# cyclone gray pics wanted!!



## gto4H0P0 (Sep 2, 2008)

i have the cyclone gray gto and i was wondering if i can see some pics of any kind mods done to it..i wanna see what it looks like before i do anything..so if you have a cyclone gray gto with mods i wanna see it!!
thanks!
anthony


----------



## Aramz06 (Mar 2, 2008)

Mods, not much for me yet.. but here is what I can show you.

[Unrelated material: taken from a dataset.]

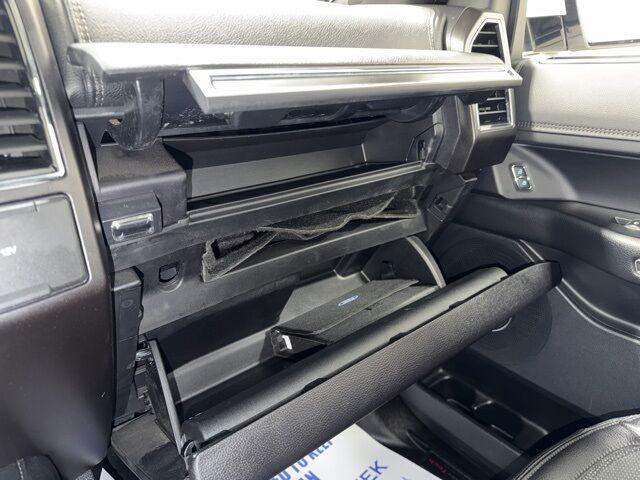 2021 Ford Expedition Limited Pine River MN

First picture includes the white GTO inlays for the rear fascia, Flowmaster Super 44 Series mufflers just got installed, those are the 3" chrome tips that are now included with the muffler, and I guess the lisence plate :lol: :cheers














Here we basically have the GT Yellow fogs from Headlight Armor.


----------



## Ninjured (Apr 28, 2006)

35% tint
SAP grills
CSL replicas (hyperdark) is what you can see on mine...


----------



## Rukee (Feb 8, 2007)

That's a sharp color guys! :cheers


----------



## alsgto04 (Nov 21, 2007)

:agree Great looking goats.


----------



## alsgto04 (Nov 21, 2007)

Another thing Aramz06 you need to be careful parking that baby next to those cars. 
Too too close. We dont want to see a dent on it. Ouch.


----------



## Aramz06 (Mar 2, 2008)

alsgto04 said:


> Another thing Aramz06 you need to be careful parking that baby next to those cars.
> Too too close. We dont want to see a dent on it. Ouch.


Tell me about it... since the cadillac got introduced to the family, the goat is fored to use the outdoor parking lot. Should be in about a month and ill have the indoor spot I had reserved.


----------



## Soulonfire11 (Aug 8, 2008)

Im curious how black SAP grilles will look...


----------